Regarding the body changing, it can definitely create fear. I personally have been within 10 pounds of losing my 100th pound, and have gained more than 30 pounds back. It's very frustrating and it can be very discouraging.
I remember last February when I was 92 pounds down, I woke up one morning, and expected to be in my old 330-pound body, then feeling strange when I realized that I wasn't.
Don't give up! Understand that it is normal for people to go through these emotions when our physical appearance is changing.
Fitness Minutes: (72,557)
11/16/13 3:29 P
My skin is looser and my boobs are smaller and I am pretty sure I will still never be able to expose my midriff in public although my problem is not the fat, now!
It is hard to see because I think we all "hoped" we'd be "perfect" if we just lost the weight. Not true; unfortunately we have to change our definitions of perfect!
I am healthier and fitter and clothes fit me much better and I am (apparently) not "fat" anymore, according to a 24-year-old I work with, lol. I celebrate my success in getting stronger and I am learning to feel sexy in this new body, even if it is different from before. (I have to say, it's fascinating to have people talking to MY FACE now! )
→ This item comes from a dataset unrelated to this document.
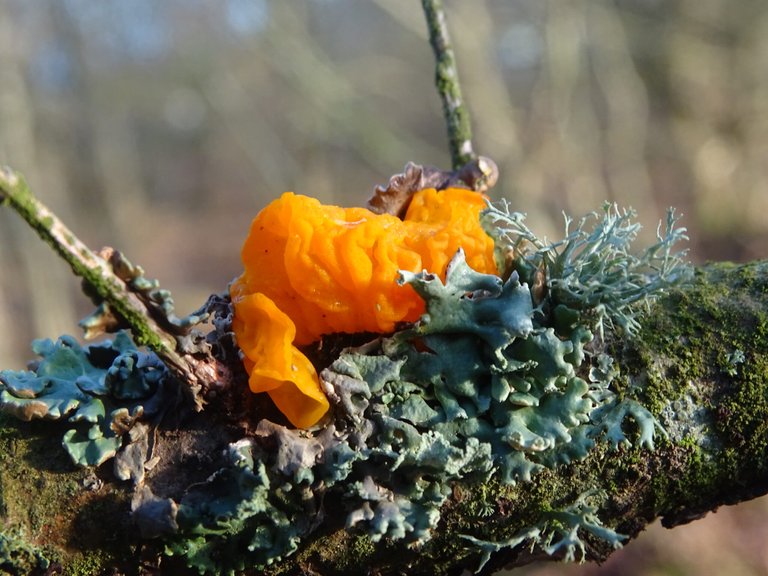 a blob of witch's butter surrounded by lichen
Regarding body image and fears, You are NOT alone!!!!
After my RNY last Oct. I lost weight sometimes, slooooowly, sometimes in a spurt. Wearing winter clothes, I felt 'safe' cuz nobody really mentioned noticing my changes. However, In the Spring, I HAD to buy smaller clothes. DD#3 went shopping with me and 'supervised' my choices. With her 'advice' (insistence), I chose well-fitting, (but not trampy) spring bright color tops and jeans that didn't bag off my butt.
The comments from friends/acquaintances rolled in and completely overwhelmed me. Irrational fears blossomed. I was afraid I really didn't look different, that nobody would notice, that men would look and/or 'come on' to me, that my 'friends' would hate me (I did have to let go of a good fat-girl friendship with someone who became very jealous and competitive about weight loss (which I NEVER bragged or talked about. Only briefly answered specific questions.) Then I was afraid I would gain back my weight.
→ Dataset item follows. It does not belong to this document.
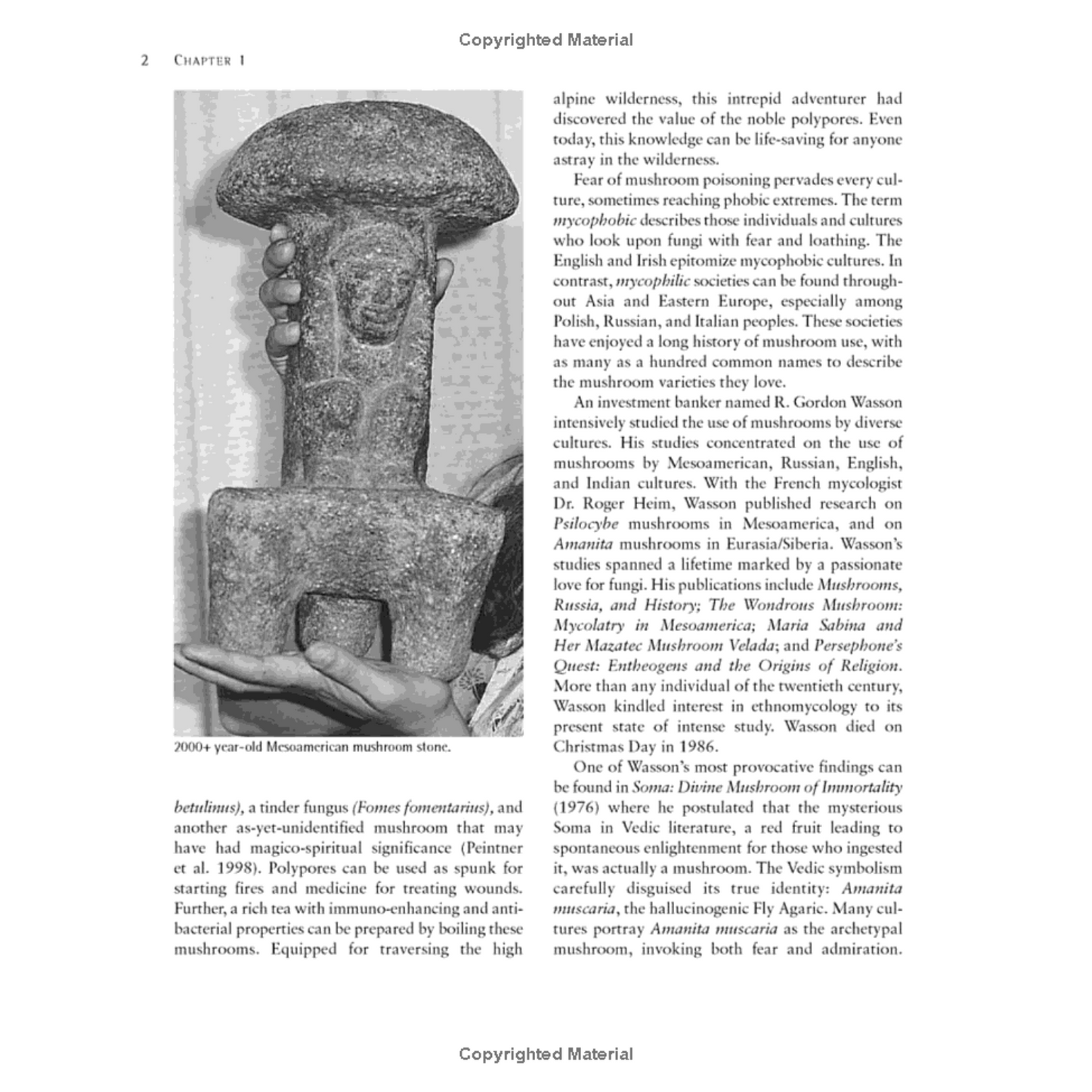 Growing Gourmet and Medicinal Mushrooms (Spiral Bound)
Now at 106 lbs down and 10-20 lbs to go (haven't decided yet), I have fleeting fears that I will lose TOO MUCH weight (WOW) along with the fear of gaining it all back.
It's a journey and every day I work on accepting where my body is at~~
Fitness Minutes: (2,155)
11/15/13 4:25 P
I'm so sorry for your loss.
This is normal, though, and probably just about everyone goes through it. Sometimes buying new clothes would help (having all my clothes falling off me made me feel just as nasty as my clothes being too tight did). Sometimes the insecurities would be as temporary as just ignoring them for that particular moment of feeling bad, and then the next morning would be fine again. Sometimes they lingered for a while.
It gets better.
Fitness Minutes: (10,785)
11/15/13 4:02 P
Gym, The grieving process is a roller coaster and I am so very sorry for the loss you suffered that put you on it. As women and Mothers our bodies change constantly and it certainly makes sense that the changes you are seeing in your body now can have a huge impact on your grieving process. I don't have any wonderful words of wisdom for you other than to suggest that you be patient and kind with yourself through this process. Try to remember that the part of your body where your daughter still lives is in your heart and no amount of weight gained or lost is going to affect that.
Fitness Minutes: (6,245)
11/15/13 4:02 P
Thank you for this information. I am glad I am not the only one that is experiencing this.
Fitness Minutes: (277,333)
11/15/13 3:34 P
What you're experiencing is not unusual. There are a million billion diet books out there that will tell a person how to lose weight. What none of them tell you is that your body changes faster than your head. Basically, you need more time for your brain/psyche to adjust to your weight loss. And that's not something that happens overnight.
You may have read posts from other members who've lamented that they don't seem happy with their bodies inspite of having lost 50-100+ pounds. Losing that much weight requires a HUGE psychological change. And yet, the diet books make it seem that losing weight is as easy as dropping a clothing size. It's not. The diet books also make it sound that the minute we lose weight, we'll be happy with ourselves.
It really does take time to adjust to the new you. We're so used to being overweight, that once we lose the weight, being thin seems alien to us. And well, some people do use their weight as a buffer to the outside world. Many people do fear success. Being overweight can be a comfort zone that many people don't want to come out of.
Mostly, I think you need to be more patient with yourself.
Pardon the pun, but you will grow into your new body.
Edited by: ARCHIMEDESII at: 11/15/2013 (15:39)
Fitness Minutes: (6,245)
11/15/13 2:28 P
Does anyone else have issues with their body changing as they loss weight?
I am having issues with my body image as I lose the weight.
I am wondering if it is because I am saying goodbye to my old body the body I had when I lost my daughter could it be part of the grieving process?
I don't know I am just not comfortable in my skin right now. Almost to the point I am afraid of losing more weight.